O meme da pandemia é: “todos os protocolos estão sendo seguidos”. Quais protocolos? Todos! Então não sabemos se o estabelecimento está obrigando as pessoas a comerem de máscara ou diluindo cloroquina com ivermectina na água. A palavra “todos” pressupõe consensos científicos e sanitários que ainda são parcos e que, se seguidos seriamente, não estariam sendo abertos restaurantes, academias e shopping centers.
Como exposto por Sérgio Rodrigues em sua coluna intitulada “Novo normal é o novo anormal”, deslocando para essa reescrita, o “novo normal” se tornou o vagão dos que renunciaram à crítica dos absurdos e resolveram abraçar a morte que salta dos centos aos milhares como simples efeito colateral do cotidiano.

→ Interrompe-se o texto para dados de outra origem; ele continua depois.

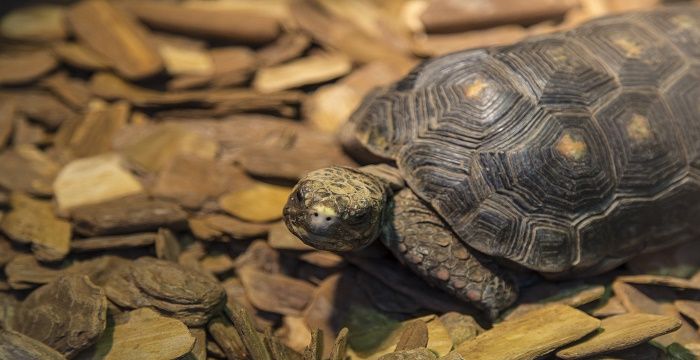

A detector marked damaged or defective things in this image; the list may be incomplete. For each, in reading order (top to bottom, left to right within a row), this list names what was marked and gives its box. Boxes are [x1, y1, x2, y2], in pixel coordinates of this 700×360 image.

splintered wood piece [0, 48, 58, 84]
splintered wood piece [0, 4, 67, 41]
splintered wood piece [7, 90, 76, 129]
splintered wood piece [40, 71, 92, 108]
splintered wood piece [52, 41, 108, 70]
splintered wood piece [67, 0, 163, 79]
splintered wood piece [90, 70, 304, 109]
splintered wood piece [121, 0, 280, 43]
splintered wood piece [258, 32, 312, 67]
splintered wood piece [253, 53, 352, 93]
splintered wood piece [304, 61, 404, 133]
splintered wood piece [410, 25, 524, 57]
splintered wood piece [418, 0, 576, 32]
splintered wood piece [55, 100, 129, 159]
splintered wood piece [121, 124, 219, 172]
splintered wood piece [0, 146, 59, 197]
splintered wood piece [1, 193, 71, 260]
splintered wood piece [53, 153, 145, 214]
splintered wood piece [68, 232, 156, 252]
splintered wood piece [70, 197, 189, 236]
splintered wood piece [154, 228, 180, 262]
splintered wood piece [200, 215, 274, 240]
splintered wood piece [221, 183, 292, 222]
splintered wood piece [266, 221, 314, 249]
splintered wood piece [4, 256, 62, 290]
splintered wood piece [104, 256, 226, 326]
splintered wood piece [241, 268, 318, 316]
splintered wood piece [0, 330, 65, 360]
splintered wood piece [13, 276, 107, 358]
splintered wood piece [87, 306, 197, 360]
splintered wood piece [206, 316, 247, 360]
splintered wood piece [396, 320, 430, 350]
splintered wood piece [440, 312, 484, 346]
splintered wood piece [454, 304, 600, 360]
splintered wood piece [556, 314, 680, 358]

Já há especulações sobre a possibilidade de municípios como São Paulo estarem se aproximando de uma imunidade de rebanho, enquanto cidades como Fortaleza encaram um segundo pico de internações por doenças respiratórias devido a uma reabertura precoce.
Então temos de admitir que não há novo, pois a vida segue banal como antes e não há normal, pois morrem conterrâneos como nunca. Porém, não nos deixemos enganar, o que se normaliza é a morte que poderia ser evitada, os efeitos dessas decisões funcionam como um ensaio da crise econômica que se evidencia: “não importa que morram centenas de pessoas por dia em uma cidade, ou milhares em um país, o que não pode acontecer é o sistema parar de funcionar”. A rigor, quer dizer: o sistema não pode deixar de ser o que é.
O que ocorre com a combinação de pandemia com crise econômica pode ser chamado de dessensibilização sistemática, nome dado a uma técnica usada em psicologia comportamental que consiste em exposição e aproximação da experiência traumática, de modo que em algum momento, os efeitos do evento traumático deixem de se apresentar e se encontre um estado de normalidade.
A manutenção do capitalismo como o conhecemos requer cada vez mais mortes e a Covid-19 está se tornando o projeto piloto para o futuro distópico. Quantas mortes e tragédias podemos tolerar para mantermos o gostinho de que tudo é exatamente como era antes. O quanto de desigualdade social, em que uma minoria se protege cercada de serviços enquanto a maioria convive com a morte baforando em sua nuca, se consegue justificar para continuarmos nos convencendo de que esse é o melhor caminho?
São experiências “overground”, onde não são necessárias “mentiras de guerra”, só a triste e conivente normalidade acovardada.
Notas:
[1] Coluna no jornal Folha de São Paulo, publicada em 16 de julho de 2020.
* Rodrigo Alencar é Psicanalista. Doutor em Psicologia Clínica na Universidade de São Paulo com doutorado sanduíche na University of Manchester (UK). Professor de pós graduação em Sociopsicologia na Fundação Escola de Sociologia e Política de São Paulo (FESPSP), mestre em Psicologia Social na Pontifícia Universidade Católica de São Paulo (bolsa CNPQ). Membro do laboratório de Psicanálise, Sociedade e Política (IP – USP) e membro do Dicourse Unity (UK). Autor do livro “A fome da alma: psicanálise, drogas e pulsão na modernidade”.